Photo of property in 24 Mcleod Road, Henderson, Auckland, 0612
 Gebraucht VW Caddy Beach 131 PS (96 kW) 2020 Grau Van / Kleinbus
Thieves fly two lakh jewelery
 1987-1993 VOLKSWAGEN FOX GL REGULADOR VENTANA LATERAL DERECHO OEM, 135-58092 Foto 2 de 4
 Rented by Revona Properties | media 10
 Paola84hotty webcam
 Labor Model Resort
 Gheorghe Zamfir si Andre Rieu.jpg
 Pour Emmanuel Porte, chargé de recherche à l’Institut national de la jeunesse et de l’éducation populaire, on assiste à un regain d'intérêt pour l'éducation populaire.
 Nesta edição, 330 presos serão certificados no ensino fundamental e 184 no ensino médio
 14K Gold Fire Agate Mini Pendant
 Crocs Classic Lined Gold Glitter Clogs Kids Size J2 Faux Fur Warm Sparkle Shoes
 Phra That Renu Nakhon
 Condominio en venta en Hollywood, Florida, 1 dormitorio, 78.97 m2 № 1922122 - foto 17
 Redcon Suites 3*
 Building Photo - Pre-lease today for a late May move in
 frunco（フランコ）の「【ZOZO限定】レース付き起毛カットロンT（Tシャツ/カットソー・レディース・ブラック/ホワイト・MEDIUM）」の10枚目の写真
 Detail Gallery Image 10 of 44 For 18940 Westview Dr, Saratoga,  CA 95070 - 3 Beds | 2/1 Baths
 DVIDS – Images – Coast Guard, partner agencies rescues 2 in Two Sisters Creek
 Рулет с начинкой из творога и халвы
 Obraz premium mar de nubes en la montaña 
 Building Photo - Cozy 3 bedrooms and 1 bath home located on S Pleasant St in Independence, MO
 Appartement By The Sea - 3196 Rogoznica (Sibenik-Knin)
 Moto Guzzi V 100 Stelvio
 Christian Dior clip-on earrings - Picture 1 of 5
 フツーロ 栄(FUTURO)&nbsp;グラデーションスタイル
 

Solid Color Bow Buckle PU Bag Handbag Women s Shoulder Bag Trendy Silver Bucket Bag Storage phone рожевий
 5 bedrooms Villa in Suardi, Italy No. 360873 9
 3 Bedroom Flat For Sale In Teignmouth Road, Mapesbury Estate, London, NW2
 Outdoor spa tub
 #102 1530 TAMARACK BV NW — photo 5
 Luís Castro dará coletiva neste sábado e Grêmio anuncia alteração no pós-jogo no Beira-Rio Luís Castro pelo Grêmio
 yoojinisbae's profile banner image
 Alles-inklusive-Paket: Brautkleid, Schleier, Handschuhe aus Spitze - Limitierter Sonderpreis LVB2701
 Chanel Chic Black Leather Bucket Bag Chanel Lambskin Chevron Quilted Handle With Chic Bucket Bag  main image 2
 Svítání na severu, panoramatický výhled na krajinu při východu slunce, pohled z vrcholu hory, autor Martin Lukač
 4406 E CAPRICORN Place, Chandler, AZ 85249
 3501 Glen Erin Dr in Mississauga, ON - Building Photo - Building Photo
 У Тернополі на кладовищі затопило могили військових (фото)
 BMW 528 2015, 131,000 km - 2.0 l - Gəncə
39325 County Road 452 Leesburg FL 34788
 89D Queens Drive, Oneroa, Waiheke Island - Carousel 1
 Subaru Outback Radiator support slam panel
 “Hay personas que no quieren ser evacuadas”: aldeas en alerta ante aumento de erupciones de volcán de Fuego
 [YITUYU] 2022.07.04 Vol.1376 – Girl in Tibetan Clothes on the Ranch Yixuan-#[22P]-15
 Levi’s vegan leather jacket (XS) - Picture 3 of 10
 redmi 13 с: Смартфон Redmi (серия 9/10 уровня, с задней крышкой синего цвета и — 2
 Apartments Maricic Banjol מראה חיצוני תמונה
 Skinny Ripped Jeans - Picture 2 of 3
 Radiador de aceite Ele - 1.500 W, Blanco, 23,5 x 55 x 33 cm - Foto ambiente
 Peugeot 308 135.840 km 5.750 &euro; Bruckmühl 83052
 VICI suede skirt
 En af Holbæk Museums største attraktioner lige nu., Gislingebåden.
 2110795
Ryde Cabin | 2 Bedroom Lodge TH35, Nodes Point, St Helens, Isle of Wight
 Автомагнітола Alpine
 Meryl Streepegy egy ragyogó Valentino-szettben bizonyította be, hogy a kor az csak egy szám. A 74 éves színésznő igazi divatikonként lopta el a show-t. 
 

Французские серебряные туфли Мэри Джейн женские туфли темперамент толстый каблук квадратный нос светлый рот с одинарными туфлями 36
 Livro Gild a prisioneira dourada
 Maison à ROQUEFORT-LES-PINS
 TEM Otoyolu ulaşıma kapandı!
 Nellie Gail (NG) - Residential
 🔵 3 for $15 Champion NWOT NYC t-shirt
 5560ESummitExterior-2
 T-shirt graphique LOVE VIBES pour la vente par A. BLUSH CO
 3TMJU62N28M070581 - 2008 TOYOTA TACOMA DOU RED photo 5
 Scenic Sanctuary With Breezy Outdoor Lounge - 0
■ ■ ■ ■ ■
:: Work instructions ::
Output, from the data above, the lines from the line with "Solid Color Bow" to the line with "Chanel Chic Black" exactly as they stand, both ends included and nothing else.

:: Exercise response ::
Solid Color Bow Buckle PU Bag Handbag Women s Shoulder Bag Trendy Silver Bucket Bag Storage phone рожевий
 5 bedrooms Villa in Suardi, Italy No. 360873 9
 3 Bedroom Flat For Sale In Teignmouth Road, Mapesbury Estate, London, NW2
 Outdoor spa tub
 #102 1530 TAMARACK BV NW — photo 5
 Luís Castro dará coletiva neste sábado e Grêmio anuncia alteração no pós-jogo no Beira-Rio Luís Castro pelo Grêmio
 yoojinisbae's profile banner image
 Alles-inklusive-Paket: Brautkleid, Schleier, Handschuhe aus Spitze - Limitierter Sonderpreis LVB2701
 Chanel Chic Black Leather Bucket Bag Chanel Lambskin Chevron Quilted Handle With Chic Bucket Bag  main image 2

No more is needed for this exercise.